Calpine Corp. agreed to purchase Noble Americas Energy Solutions, an independent supplier of power to commercial and industrial retail customers, for a purchase price of $800 million plus an estimated $100 million of net working capital at closing.
Calpine expects to recover about $200 million through collateral synergies and the runoff of acquired legacy hedges, substantially within the first year, resulting in expected net cash deployed of about $700 million (including working capital), or about five times NAES’ recent and expected run-rate adjusted EBITDA.
NAES currently serves commercial and industrial customers in 18 states nationwide, including California, Texas, the Mid-Atlantic and Northeastern United States, where Calpine’s wholesale power generation fleet is primarily concentrated. The organization will remain headquartered in San Diego and will continue to operate under the leadership of Jim Wood, President of NAES.
“We are thrilled to be joining the Calpine team,” said Wood. “Our customers should know that we will continue to provide the same high level of services and product offerings during the ownership transition and, when under the Calpine banner, we expect to provide even greater value-added products and services.”

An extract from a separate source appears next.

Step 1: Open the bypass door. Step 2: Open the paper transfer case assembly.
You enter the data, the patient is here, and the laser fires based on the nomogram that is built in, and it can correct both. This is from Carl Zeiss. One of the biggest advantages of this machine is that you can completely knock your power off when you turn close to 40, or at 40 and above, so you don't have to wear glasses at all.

Calpine expects to fund the acquisition with a combination of cash on hand and temporary bridge loan financing of up to $550 million. The company intends to repay the bridge facility during 2017 with proceeds from announced asset sales as well as cash from operations, including that generated from the anticipated collateral synergies.
Under Calpine ownership, anticipated collateral needs are expected to be met with about $240 million in letters of credit and $20 million of surety bonds, leaving almost $1.2 billion of Calpine Corporate Revolver capacity remaining at closing.
Calpine will acquire the business from Noble Americas Gas & Power Corp., a subsidiary of Noble Group Ltd. The transaction is expected to close by year end 2016, subject to customary closing conditions, approval by shareholders of Noble Group Ltd., approval from the Federal Energy Regulatory Commission and antitrust review under the Hart-Scott-Rodino Act.